Being able to look at circulating tumor DNA has become very important clinically in terms of identifying circulating fetal DNA in terms of non-invasive pre-natal testing. So, disorders such as Trisomy 21 and micro-insertions or deletions can actually be identified. Some of the more recent advances use circulating fetal DNA to detect even single gene defects like cystic fibrosis.

Bob Barrett:
How can molecular diagnostics help to diagnose infectious diseases?

Carl Wittwer:
Infectious disease of course is one of the more important causes of human morbidity and mortality. And before the advent of molecular diagnostics, diagnosis of infectious disease involved plating and growing the micro-organisms on media. And what molecular diagnostics has enabled in terms of molecular diagnostics, now we can look at the DNA or RNA specific to the infectious agents for diagnosis. Each organism of course, is identified just as we are, by a unique set of DNA sequence and this allows individual organisms to be identified and diagnosed including things like HIV and hepatitis C and other hepatitis viruses.

Since, often individuals present with a syndrome that looks like some sort of infectious disorder, one of the advances recently has been syndromic diagnosis in infectious disease. So, given a syndrome, can the molecular technique identify which particular organism, which virus or which bacteria is causing say flu-like illness or gastrointestinal disorders or meningitis. So syndromic diagnosis has become important recently and there are now sample-to-answer techniques that provide and identify the causative agent and then enable specific therapy.

Bob Barrett:
While detecting molecular changes for disease diagnosis, that’s one thing, therapeutic intervention is a whole another thing. Can molecular techniques be used therapeutically?

Carl Wittwer:
Very interesting question in terms of therapeutic use of molecular technologies. Molecular diagnostics itself, of course, just diagnosis, but there’s been recent advances in molecular technology that allow alteration of the genome, editing the genome, changing the sequence of the genome from something that may be disease-causing to revert it back to normal sequence. A lot of this has been enabled by CRISPR-Cas9 genome editing that makes practical this kind of replacement or editing of base changes. It is the beginning of a paradigm shift in molecular medicine where active molecular intervention of diseases caused by genetic defects can be modified.

So, there’s strong hope not only for diagnostics, but also for therapeutic intervention. At the same time, all of these technologies, these very powerful technologies in terms of the depth of information, also potentially can be misused.

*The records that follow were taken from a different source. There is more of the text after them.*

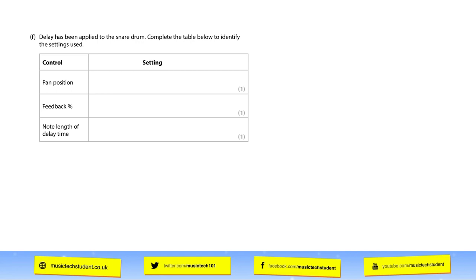We've only got the sample specification to look at here. After this year, we're going to start having lots of different mock exams, which should be great. But for this year we've only got the sample, which makes it a little bit harder to prepare for. However, if you understand that it's going to come from every area, they can give us some indications. This first question we're going to look at is about creative effects processes — specifically how delay has been applied to a snare drum.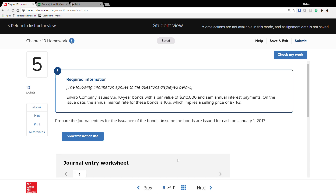Question 5 asks: Enviro Company issues an 8%, 10-year bond with a par value of $310,000 and semi-annual interest payments. On the issue date, the annual market rate for these bonds is 10%, which implies a selling price of 87.5%. Anytime it shows a regular number like that, it's an actual percentage — a financial term.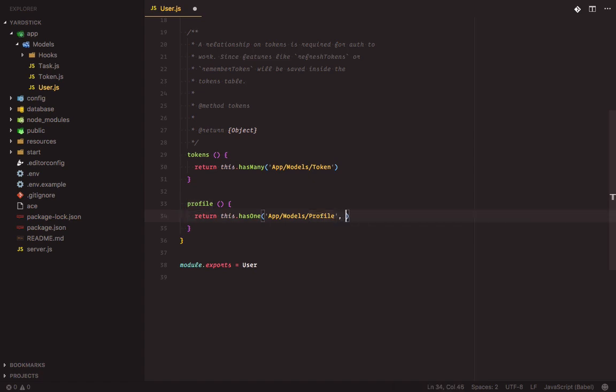The second argument to the hasOne method is the primary key, which defaults to the primary key of the current model, that is, the user model. Lucid determines the foreign key of the relationship based on the model name — that is, the profile model is automatically assumed to have a user_id foreign key. If we wish to override this convention, we can pass a third argument to the hasOne method to pass in the foreign key.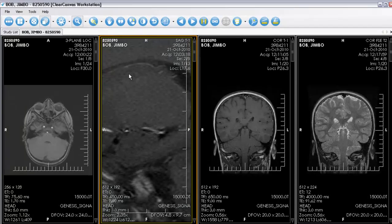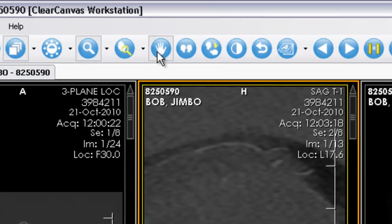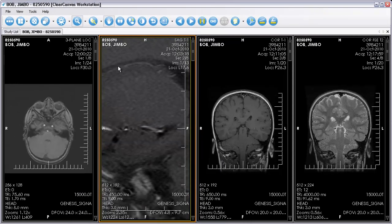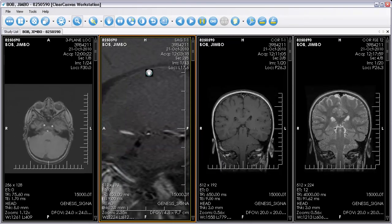The image can be panned using the pan tool. Once you've selected the pan tool from the toolbar, hold down the left mouse button and drag the image.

So, as we step into this new age, there are concerns about discrimination, use of genomic information, for instance, for insurance stratification, also concerns about privacy. One additional concern on this information is its repeatability. Massively parallel sequencing is extraordinarily powerful, but you do get different answers depending on which cells you analyze and quality control mechanisms to ensure reproducibility between laboratories is becoming more and more important. With the massive information, the interpretation of the data often becomes the limiting resource in terms of utilizing genomic information and there are advances in using artificial intelligence to aid in this process with different kinds of machine learning to analyze the extent of information.

Bob Barrett:
That was the Dr. Carl Wittwer, Professor of Pathology at the University of Utah and Medical Director at ARUP Laboratories in Salt Lake City. He has been our guest in this podcast on Molecular Diagnostics, the focus of the January 2020 special issue of Clinical Chemistry. I’m Bob Barrett, thanks for listening!